Mon premier point contre la cohérence de la position de Parménide est l’équivoque sur la notion de relation dans son premier argument (133d4) : les choses en nous ne sont pas relatives à cause d’une double implication. Cela devient encore plus clair dans l’exemple le plus notoire de Parménide, la maîtrise et l’esclavage, dans lequel il introduit le mot dunamis pour exprimer « avoir une relation indéterminée avec quelque chose » (133e4-134a1). Pour les formes, avoir une dunamis signifie simplement avoir une corrélation symétrique basée sur les caractéristiques internes nécessaires des termes. Pour les objets en nous, avoir une dunamis signifie une relation spatio-temporelle qui se produit extérieurement à la nature de ces choses et qui traduit non pas une double implication, mais un couple de relations réciproques : être esclave et être maître.
Ma deuxième objection est que Parménide part de la thèse selon laquelle certaines formes ne sont pas en soi-même et aboutisse à la position qu’aucune forme n’est par elle-même. Lorsque Parménide analyse le problème de la connaissance, au lieu d’expliquer la présence de dunamis en postulant une ousia, il justifie une ousia en lui attribuant une dunamis. Trois conséquences importantes se dégagent : (i) les formes ne sont pas du tout liées aux choses en nous (134b3-4), pas même en tant que l’être de ces choses ; (ii) étant donné que les formes sont relatives par dunamis, les relations réciproques typiques des choses relatives en nous — connaître et être connu — s’appliquent à elles (134b6-7), ce qui aboutit aux formes dites autoprédicatives ; (iii) parce que les formes sont relatives à la connaissance, aucune forme n’est en soi (voir 134b11). Tout bien considéré, le fait est que la position de Parménide est la défense d’une théorie relativiste à part entière.

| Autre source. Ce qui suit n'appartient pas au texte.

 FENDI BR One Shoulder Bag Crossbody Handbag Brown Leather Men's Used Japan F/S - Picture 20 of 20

Mon dernier argument en faveur de son incohérence est qu’il commence par supposer ousia comme un être en soi-même et s’engage à soutenir la thèse selon laquelle l’ousia est une chose en autre. L’inversion ousia/dunamis de Parménide est tellement nette que, après avoir qualifié la forme de la connaissance comme une dunamis, il ressent le besoin de préciser de qui est cette dunamis là, c’est-à-dire, qui possède les dunamis de la connaissance elle-même et des formes : dieu (134c1011). Le prix qu’il paye est que les formes deviennent des super-choses, la forme de connaissance étant réduite à la connaissance la plus rigoureuse (134c10-11, 134d10). Sa conclusion que les formes ne sont pas connues par la nature humaine (135a5) découle du remplacement de la théorie de Socrate sur l’ousia des choses pour une classification générale des choses en fonction de leur dégrées d’être.

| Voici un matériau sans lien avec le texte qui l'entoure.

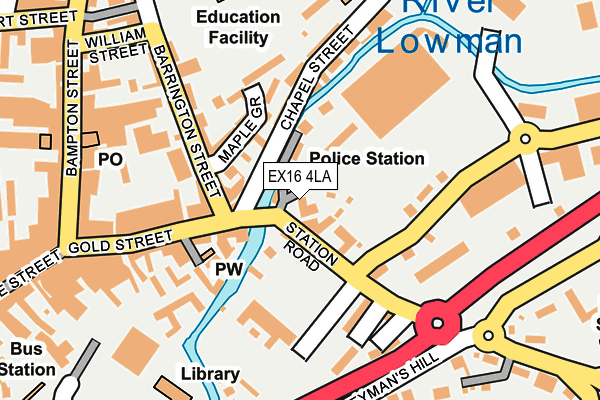 EX16 4LA map - OS OpenMap – Local (Ordnance Survey)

À la fin de cet argument, Parménide affirme que, au cas où chaque chose n’aurait pas de forme, notre pensée manquerait de l’objet stable qu’elle nécessite et nous perdrions notre capacité de parler (135b5-c2). J’envisage cette déclaration comme preuve suffisante pour suggérer que Parménide est conscient de l’importance de la théorie de Socrate sur l’ousia. Le défi qu’il propose vise à souligner que la réfutation d’un objecteur relativiste devrait y être ajoutée en tant que partie essentielle.